There is one Master of Education (M.Ed.) program in Educational Psychology, geared toward those who want to apply psychology/educational psychology to their current professions (e.g., teaching). Two majors are offered for the Master of Arts (M.A.) degree: School and Community Psychology and Counseling Psychology. The School and Community psychology program offers two years of course work, plus a one-year internship. Satisfactory completion of the School and Community Psychology program allows the student to be certified as a school psychologist by the State of Michigan. It also allows the student to apply for a Limited License to Practice as a Psychologist (L.L.P.) in the State of Michigan. The major in Counseling Psychology has an emphasis in individual and marriage and family therapy and offers two years of course work plus one or two semesters of a clinical internship. Satisfactory completion of the Counseling Psychology program allows the student to qualify for the Limited License to Practice as a Psychologist in the State of Michigan and, with additional coursework, a State of Michigan license as a Marriage and Family Therapist. The Ph.D. in Educational Psychology has a concentration in Learning and Instruction science and is focused on educational psychology theory and research. Additionally, an Applied Behavior Analysis Graduate Certificate is offered for those who already hold a master's degree, or it can be accomplished as part of the M.Ed. in Educational Psychology. Through this training, students become eligible to sit for the Board Certified Behavior Analyst (BCBA) exam, which is part of earning the BCBA credential. All of these programs are described in more detail below.

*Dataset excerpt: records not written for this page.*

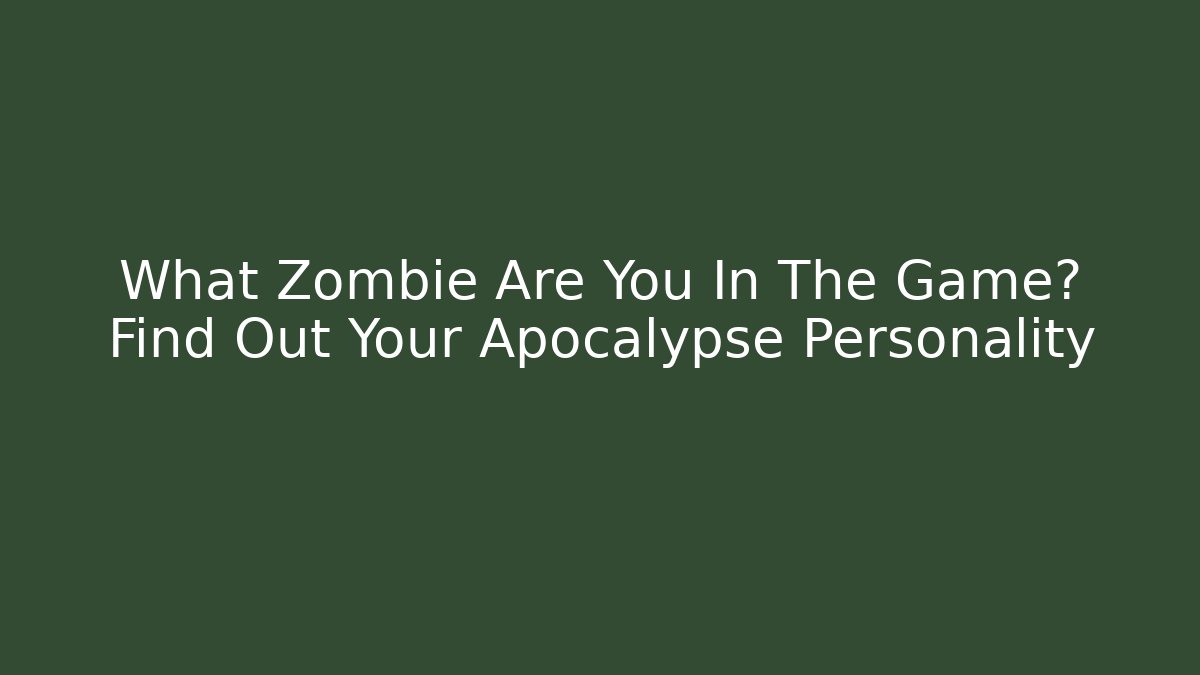 What Zombie Are You In The Game? Find Out Your Apocalypse Personality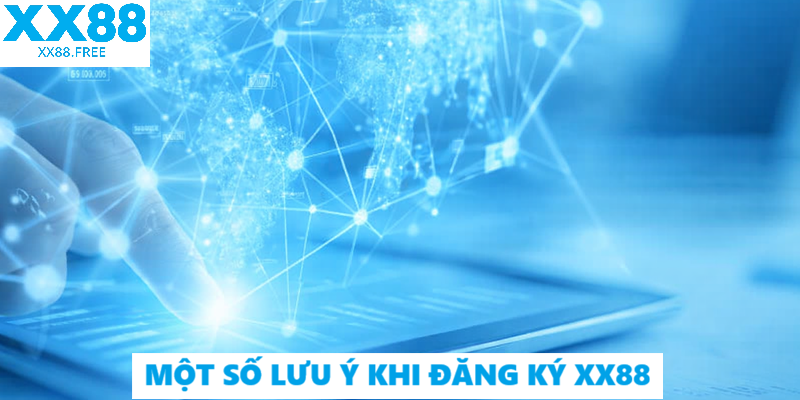 Một số lưu ý khi đăng ký XX88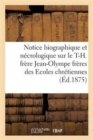 Notice Biographique Et Necrologique Sur Le T.-H. Frere Jean-Olympe Superieur General : de l'Institut Des Freres Des Ecoles Chretiennes Decede A Paris Le 17 Avril 1875 - Book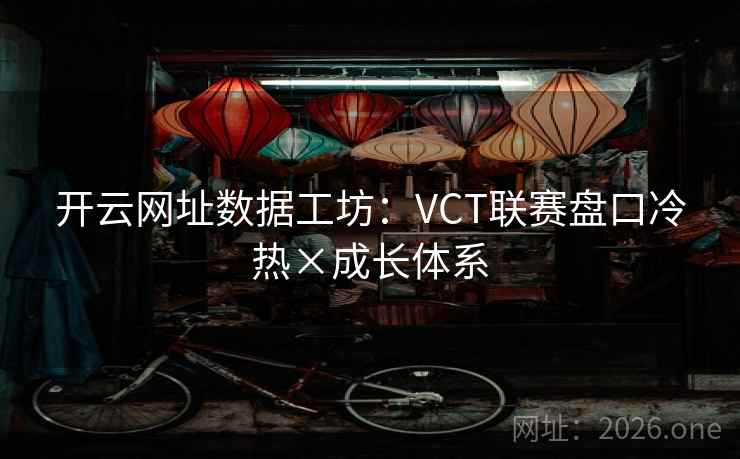 开云网址数据工坊：VCT联赛盘口冷热×成长体系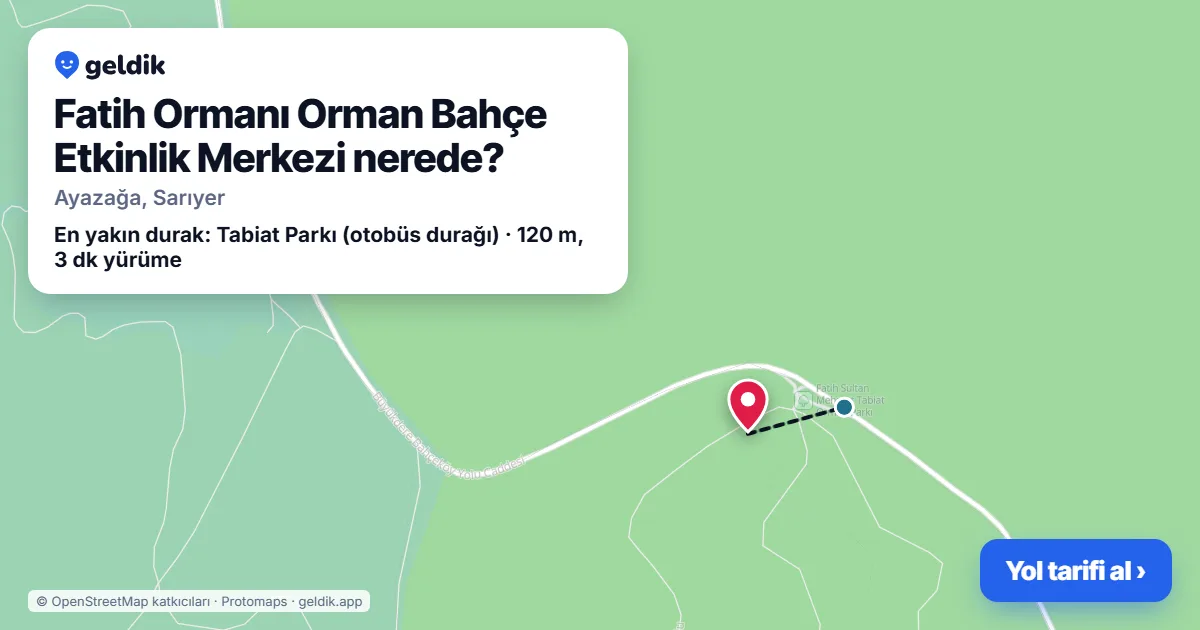 Where is Fatih Ormanı Orman Bahçe Etkinlik Merkezi: map with its location and the nearest stops, with walking times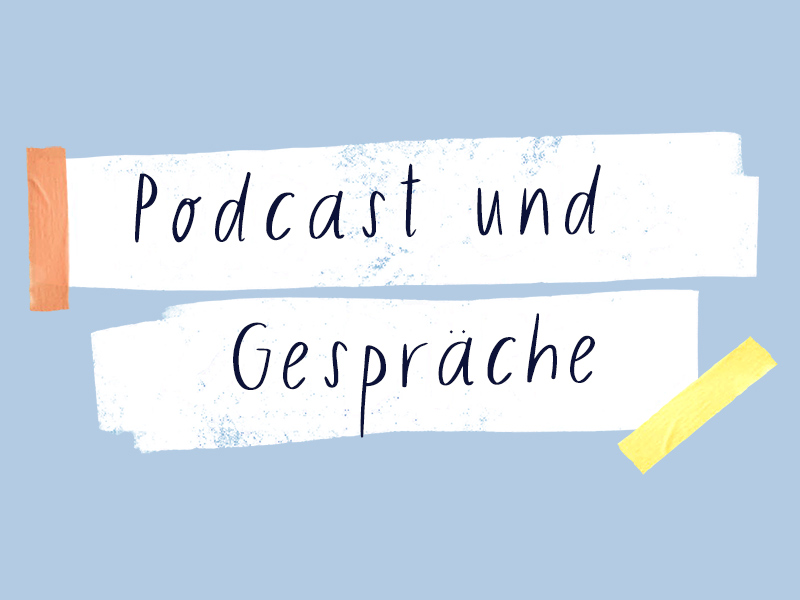 Podcast und Gespräche
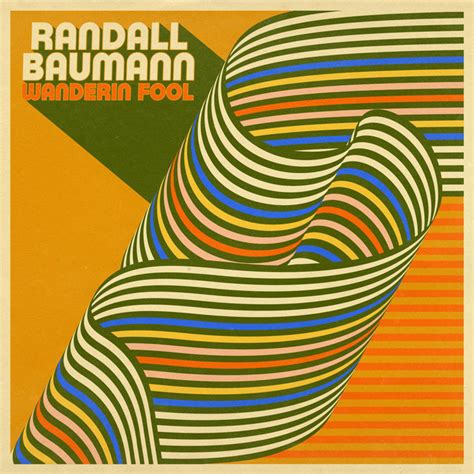 Wanderin Fool Album By Randall Baumann Spotify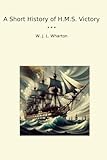 A Short History of H.M.S. Victory (Classic Books)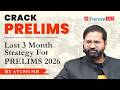 Final 90 Days Strategy for UPSC Prelims 2026 | By Ayush Sir | SFG Level 2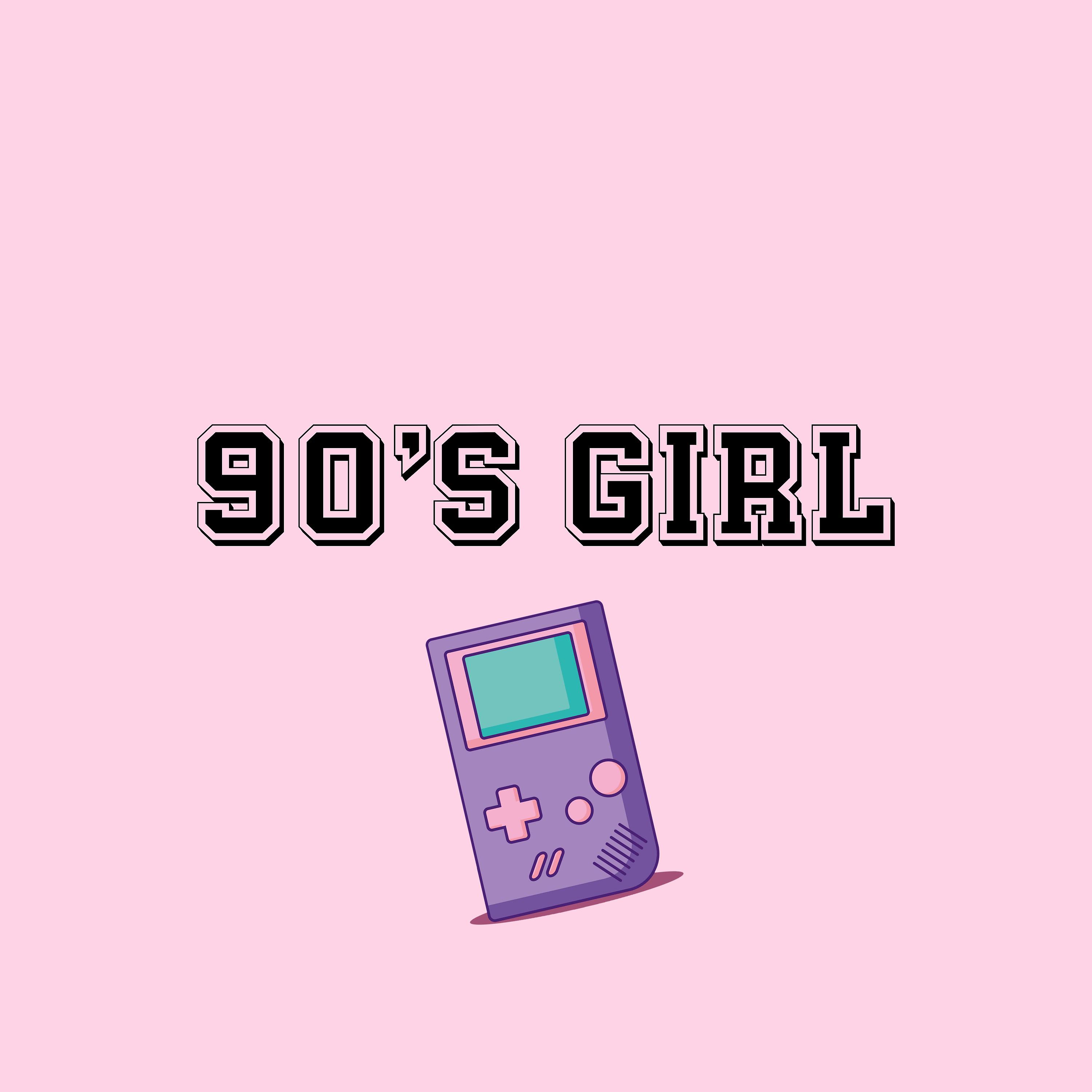 Постер альбома 90’s GIRL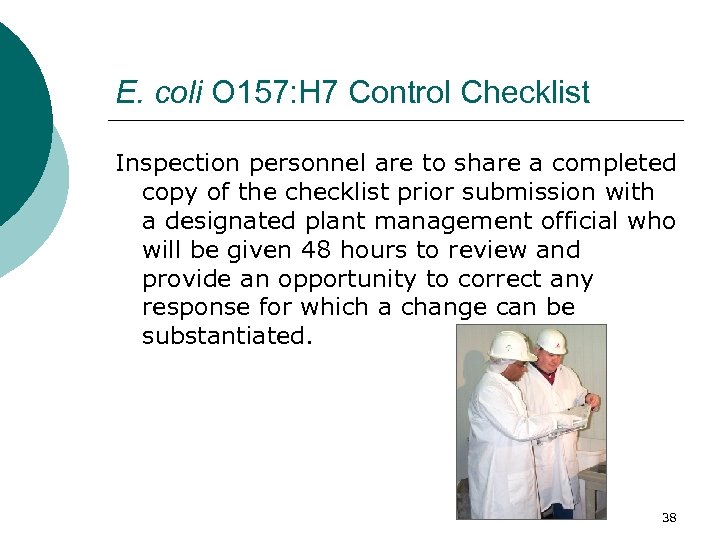 E. coli O 157: H 7 Control Checklist Inspection personnel are to share a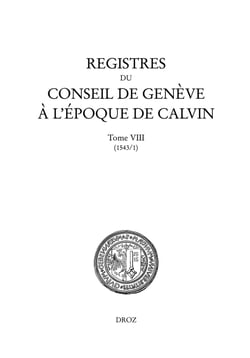 Registres du Conseil de Genève à l'époque de Calvin - Tome VIII, du 1er janvier au 31 décembre 1543 (en 2 vols)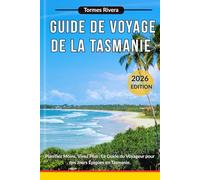 Guide de Voyage de la Tasmanie 2026: Planifiez Moins, Vivez Plus : Le Guide du Voyageur pour des Jours Épiques en Tasmanie.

The prospective student should recognize that a grade point average of 3.0 with no more than one earned grade of 'C' plus is required to continue in all of these programs and to graduate. The majors of School and Community Psychology and Counseling Psychology involve, in addition to course requirements, clinical experience in school and/or agency settings. Due to the clinical nature of the courses and the internship, both majors require students to have active liability coverage throughout the program. Retention in the program, graduation, and recommendation for certification/licensing approval depend upon demonstrated clinical skill as well as on the student's academic achievement. The staff will try to arrange for psychological practicums and internships in either a school system or a community mental health facility in keeping with program requirements. The Applied Behavior Analysis training also involves intensive training working with children in clinical settings and thus requires successful demonstration of both clinical and academic skills.
In addition to completing all procedures for admission to the Graduate School, each applicant must complete an admissions form obtained from the Program Area website: http://coe.wayne.edu/tbf/ for the program of interest, and follow those instructions carefully. Applicants are strongly encouraged to contact the program area secretary to ensure they have received complete and updated application and program information.